Access Type

Open Access Dissertation

Date of Award

January 2014

Degree Type


Degree Name



Computer Science

First Advisor

Nathan W. Fisher


Compositional real-time research has become one of the emerging trends in embedded and real-time systems due to the increasing scale and complexity of such systems. In this design paradigm, a large system is decomposed into smaller and simpler components, each of which abstracts their temporal requirements via interfaces. Such systems are mostly implemented by resource partitions to ensure that the components receive resources according to their interfaces. Potential implementations of a resource partition are via server-based interfaces or demand-based interfaces. In this context, our thesis in this dissertation is as follows:

Currently, server-based interfaces ensure strong temporal isolation among components at the cost of resource over-provisioning whereas demand-based interfaces precisely model the resource demand of a component without the guarantee of temporal isolation. For both these models, efficient and effective resource allocation as well as strict temporal isolation among components can be achieved. Specifically, we can obtain efficient and near-optimal bandwidth allocation schemes and admission controllers for periodic resource model and arbitrary demand-based interface respectively. Furthermore, efficient slack reclamation technique can be obtained to allocate unused processing resources at runtime while still enforcing the given interface.

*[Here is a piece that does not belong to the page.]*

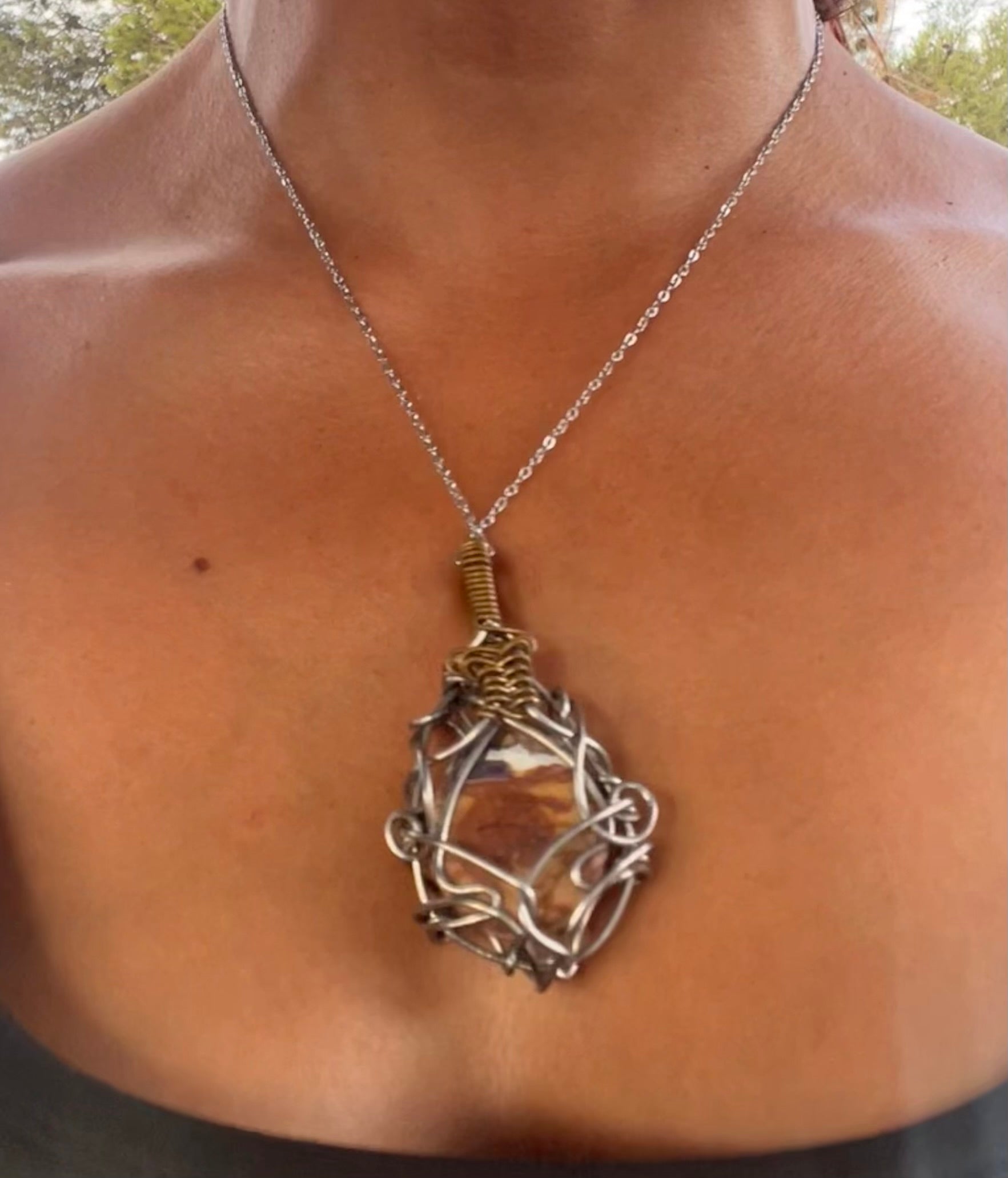 Precioso collar plateado  jaspe hecho a mano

To support our thesis, we address efficient resource allocation among components with server-based interfaces by providing fully-polynomial-time approximation schemes (FPTAS) for allocating processing resource to components scheduled by earliest-deadline-first (EDF) or fixed-priority (FP) scheduling algorithm. For enforcing temporal isolation of demand-based interfaces, we provide a parametric approximate admission control algorithm, which has polynomial-time complexity in terms of number of active jobs in the system and the approximation parameter. Finally, to address efficient reclamation of unused processing resources, we give a novel technique to optimally and efficiently determine maximum allowable runtime slack for a component with arbitrary interface, considering active jobs in the system and guaranteeing system schedulability even for worst-case future job arrival scenarios. We expect that these techniques can ultimately be used to minimize the size, weight, and power requirements of real-time and embedded systems by reducing the processing resource requirements of such systems.